## Dataset entries
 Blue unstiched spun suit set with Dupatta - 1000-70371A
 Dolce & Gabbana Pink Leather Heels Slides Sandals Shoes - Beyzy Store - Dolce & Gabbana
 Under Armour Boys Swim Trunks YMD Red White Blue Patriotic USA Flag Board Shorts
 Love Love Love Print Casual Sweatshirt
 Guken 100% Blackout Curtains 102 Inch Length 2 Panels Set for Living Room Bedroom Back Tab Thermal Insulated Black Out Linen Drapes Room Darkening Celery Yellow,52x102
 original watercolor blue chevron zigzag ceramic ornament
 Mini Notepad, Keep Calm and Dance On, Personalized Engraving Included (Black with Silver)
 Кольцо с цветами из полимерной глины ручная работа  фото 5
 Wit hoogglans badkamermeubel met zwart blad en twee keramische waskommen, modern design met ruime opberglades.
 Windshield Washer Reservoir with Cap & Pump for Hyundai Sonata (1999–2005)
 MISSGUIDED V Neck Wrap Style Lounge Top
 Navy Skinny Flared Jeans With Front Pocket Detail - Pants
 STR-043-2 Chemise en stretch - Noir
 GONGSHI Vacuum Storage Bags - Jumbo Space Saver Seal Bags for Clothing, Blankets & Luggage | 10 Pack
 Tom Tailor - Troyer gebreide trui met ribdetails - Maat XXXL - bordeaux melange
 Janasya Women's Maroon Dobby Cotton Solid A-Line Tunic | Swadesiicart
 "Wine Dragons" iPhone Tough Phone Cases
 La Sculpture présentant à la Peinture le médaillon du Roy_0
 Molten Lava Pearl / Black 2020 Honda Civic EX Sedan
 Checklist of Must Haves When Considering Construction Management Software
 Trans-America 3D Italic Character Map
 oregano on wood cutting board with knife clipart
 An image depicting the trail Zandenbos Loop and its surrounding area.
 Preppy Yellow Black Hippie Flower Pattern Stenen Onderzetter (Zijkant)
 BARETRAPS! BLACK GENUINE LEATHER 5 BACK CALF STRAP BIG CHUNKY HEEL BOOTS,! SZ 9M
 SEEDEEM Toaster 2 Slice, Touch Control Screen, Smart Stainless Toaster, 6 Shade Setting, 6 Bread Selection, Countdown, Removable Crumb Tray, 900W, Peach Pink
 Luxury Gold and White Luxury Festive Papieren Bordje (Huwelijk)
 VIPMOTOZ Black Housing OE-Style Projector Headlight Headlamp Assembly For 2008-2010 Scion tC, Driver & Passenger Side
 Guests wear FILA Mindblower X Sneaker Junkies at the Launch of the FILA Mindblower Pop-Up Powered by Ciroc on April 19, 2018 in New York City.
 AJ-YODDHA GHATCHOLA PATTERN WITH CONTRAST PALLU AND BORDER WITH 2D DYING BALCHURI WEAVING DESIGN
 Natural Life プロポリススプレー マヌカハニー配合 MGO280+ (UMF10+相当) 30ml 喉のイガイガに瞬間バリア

## To do
Only a verbatim transcription of the lines from the one containing "Guests wear FILA" through the last line of the records counts as the answer.

## Response area
 Guests wear FILA Mindblower X Sneaker Junkies at the Launch of the FILA Mindblower Pop-Up Powered by Ciroc on April 19, 2018 in New York City.
 AJ-YODDHA GHATCHOLA PATTERN WITH CONTRAST PALLU AND BORDER WITH 2D DYING BALCHURI WEAVING DESIGN
 Natural Life プロポリススプレー マヌカハニー配合 MGO280+ (UMF10+相当) 30ml 喉のイガイガに瞬間バリア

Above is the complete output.